Posted on the 20 March 2016 by Christopher Saunders
Born AgainIrving Rapper's Born Again (1978) is a biopic of Chuck Colson, Watergate conspirator-turned-evangelical Christian. Intended as an uplifting religious drama, Born Again is both disingenuous PR for a political hatchet man, and a dull B picture.
Chuck Colson (Dean Jones) becomes Richard Nixon's (Dean Spillman) White House counsel, labeled "Chuck the Knife" for his ruthlessness. He organizes the Plumbers to stop leaks and smear antiwar activist Daniel Ellsberg; however, he's surprised by the Watergate scandal. Colson resigns after Nixon's reelection but grows ensnared by Watergate anyway. Colson embraces Christianity shortly before his imprisonment; in jail he organizes a prayer group and struggles to maintain his faith.
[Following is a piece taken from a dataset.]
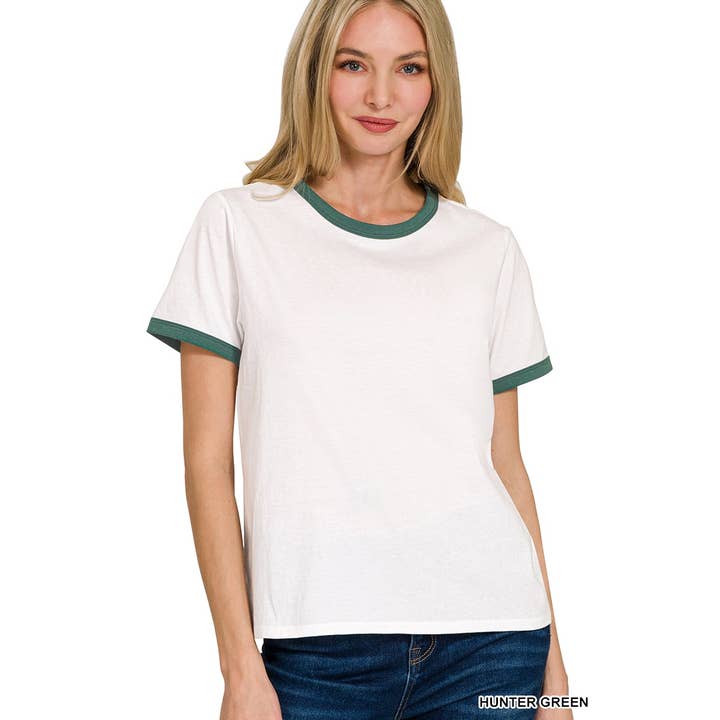 Kontrastbindede kortærmede T-shirts for engroshandel hos HiteJeans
Based on Colson's memoir, Born Again whitewashes its hero. Colson's depicted as peripherally involved in Watergate, when he managed tricks from smearing Ellsberg to paying off Hard Hat rioters and plotting to bomb the Brookings Institution. This was the man who had "Grab them by their balls and hearts and minds will follow" inscribed on a plaque, who boasted that he'd run over his grandmother to win reelection. Hardly the meek bureaucrat depicted here.
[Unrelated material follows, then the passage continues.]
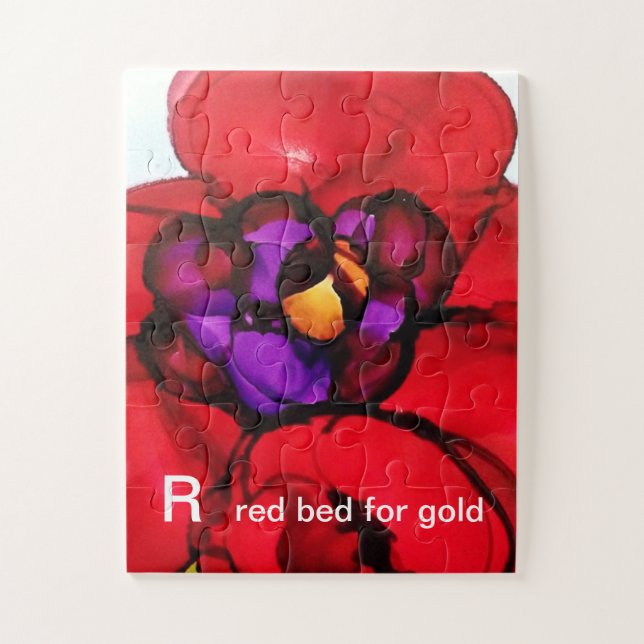 R - Rotes Bett für Goldalphabet-Kunst-Puzzlespiel (Vertikal)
It's just as well, for the White House scenes verge on parody. Dean Spillman's Nixon sounds eerily like Billy West on Futurama; Robert Broyles, as John Ehrlichman, has a hilarious helium voice. Irving Rapper once directed classics like Now, Voyager, but Born Again resembles a TV movie with wooden dialogue, phony sets and an overall amateur feel. Rapper manages a dozen scruffy extras for a protest scene but otherwise it's cheap, talky and dull.
Born Again hinges on Colson's conversion. His Christianity was sincere; he founded Prison Fellowship Ministries, campaigned for prison reform and became an evangelical leader. But Rapper only explores his faith through interactions with enemies. Mean reporters and surly liberals mock him; a judge (George Brent) gives him a harsh sentence; prisoners threaten his life. Bullies even harass Colson's son at school! Like many religious films, Born Again serves faith with dollops of self-pity.
Dean Jones (The Love Bug) plays Colson as an improbable straight arrow, acting like a poor man's James Stewart. Washed-up stars Dana Andrews, Anne Francis and George Brent play support. Three performers fare reasonably well: Raymond St. Jacques plays a tough prisoner who befriends Colson; Jay Robinson provides some humor as Colson's law partner. The best actor is Senator Harold Hughes, playing himself; warm and authoritative, he sells his unlikely friendship with Colson.
Watergate memoirs inspired an endless stream of films and TV specials, from John Dean's Blind Ambition to G. Gordon Liddy's Will. Born Again at least has a hook beyond "unrepentant criminal tells all;" unfortunately, it's so amateurish it doesn't land on any level.